Donny Tobolski of Mesa Verde High School invited the ire of the school authorities for posting a rude comment on his teacher on the social networking site in December 2010. His Facebook post described his teacher, identified as Mr. Cimino, as a fat ass who should stop eating fast food, and is a douche bag. The school suspended Donny for a day citing that his post constituted cyberbullying.

This disciplinary action, however, did not fit in well with the ACLU. The union shot off a letter to the Principal Rick Messer accusing the school of violating Donny's rights and asserting that the matter is of serious concern due to the special role of freedom of speech in the American democracy.

The facts of this case are simple. Donny posted on his Facebook page, from a computer at his home and during non-school hours, a message about one of his teachers, Mr. Cimino, the union argues in the letter with an intention to stress on the fact that the student was forced to face consequences for something he did outside the school premises.

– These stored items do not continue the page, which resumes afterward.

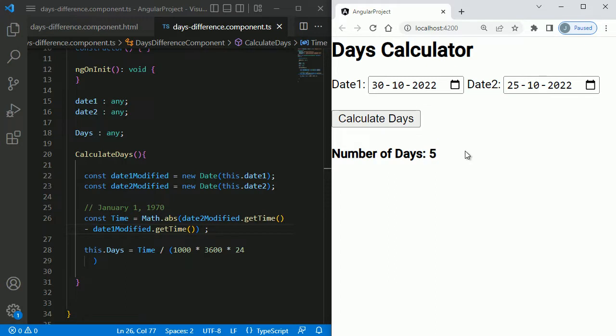That's it — that's how we can build a days calculator application using Angular in a few simple steps. Thanks for watching this video. If you liked it, please click the like button, share it with others, and subscribe to my channel.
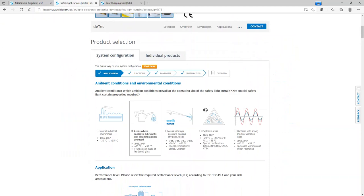The functionality that you require, the diagnostics that you want, and also questions about the installation such as cable lengths, brackets, and columns.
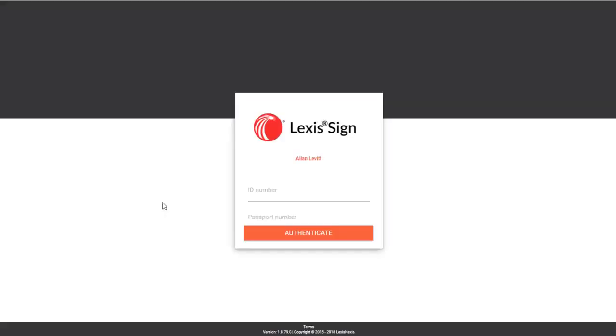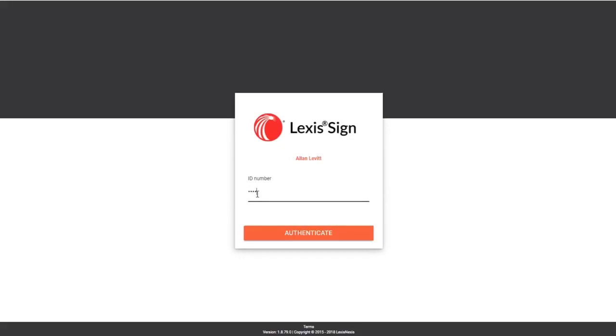Click on the name of the document to open the web page. Here you will be required to sign in using your ID or passport number. Fill that in and click Authenticate to continue.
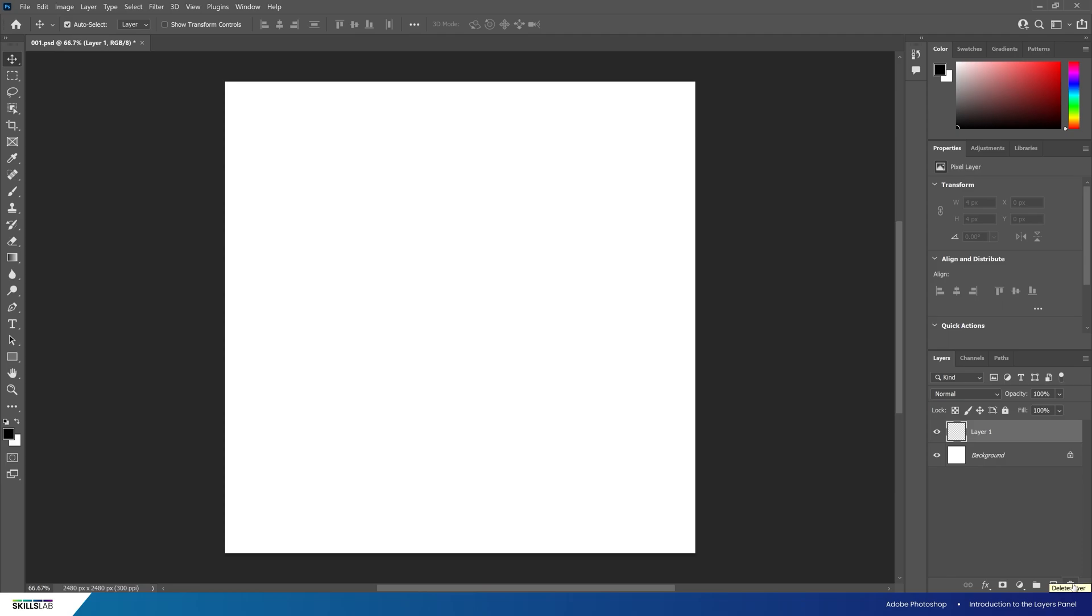It's important to consider good organizational workflow in Photoshop. When working with lots of layers, the panel can quickly become confusing if you don't name and order your layers. To name a layer, double click and add a name. For this example I'm going to call it 001.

The First Amendment gives schools the power to discipline students for speech only if it creates material and substantial disruption of school environment. California also upholds the students' right to exercise freedom of speech and of the press. The Education Code prohibits schools from disciplining students for speech engaged outside of the campus as established by the First Amendment to the United States constitution or Section 2 of Article I of the California Constitution.

The letter also goes on to rubbish the argument of cyberbullying used by the school to suspend Donny.

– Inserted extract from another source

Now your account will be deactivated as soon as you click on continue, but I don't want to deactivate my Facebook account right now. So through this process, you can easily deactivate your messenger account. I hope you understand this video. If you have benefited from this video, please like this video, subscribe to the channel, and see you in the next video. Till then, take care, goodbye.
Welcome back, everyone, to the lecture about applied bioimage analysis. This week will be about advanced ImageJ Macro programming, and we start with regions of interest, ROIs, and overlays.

While cyberbullying is among the types of conduct subject to discipline, the posting here simply did not constitute cyberbullying, which is defined as electronic communications that involve sexual harassment, a hate crime, or creation of an intimidating or hostile educational environment, the letter establishes.

Noting that the disciplinary action against Donny for protected speech exposes the school to potential suit and liability for attorney's fees, the ACLU has demanded that Donny's suspension should be expunged from his record immediately.

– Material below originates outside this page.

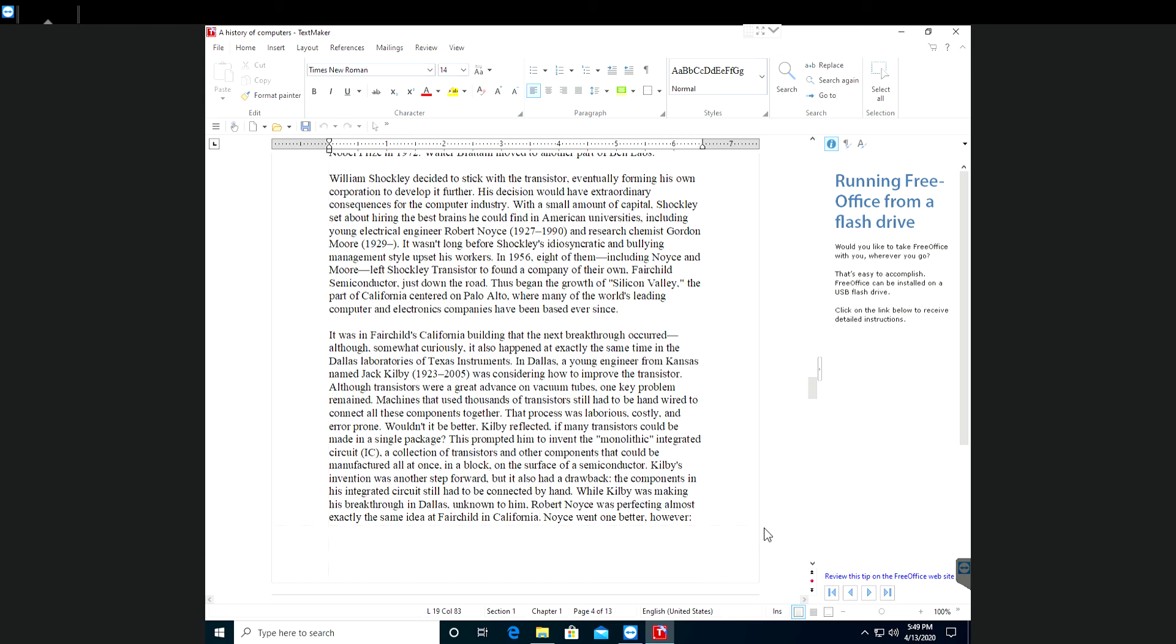A collection of transistors and other components that could be manufactured all at once in a block on the surface of a semiconductor. Kilby's invention was another step forward, but it also had a drawback. The components in his integrated circuit still had to be connected by hand.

While disciplinarians may argue that the child needed to face the consequences of his rude behavior, the case reflects a larger problem of freedom of speech on the internet. Donny's is not the first case of an institution imposing disciplinary action for comments on the social networking site. In November 2010, a company set off a similar debate when it terminated an employee for deriding her boss on Facebook. The National Labor Relations Board intervened into a case declaring that the posts on the social networking site - even if negative - are legally protected speech. Furthermore, dishing out a huge blow to the continual efforts of companies to enforce social media policies, NLRB had stated that social media policies that prohibit making negative remarks about one's boss or company online are actually in violation of labor laws that protect employees' right to talk about things like wages and working conditions.

However, the federal agency did clarify Facebook comments can lose protected status based on where the discussion takes place, the subject matter, the nature of the outburst and whether the comments were provoked by an employer's unfair labor practice.

In another case, a former Florida high senior was disciplined for cyberbullying a teacher on Facebook by creating a group for her English teacher, called 'Ms. Sarah Phelps is the worst teacher I've ever met!' Katherine Evans, who fought the case even two years after her suspension, got legal backing from the First Amendment.

It was an opinion of a student about a teacher, that was published off-campus, did not cause any disruption on-campus, and was not lewd, vulgar, threatening, or advocating illegal or dangerous behavior, Magistrate Barry Garber of Florida had ruled in February 2010.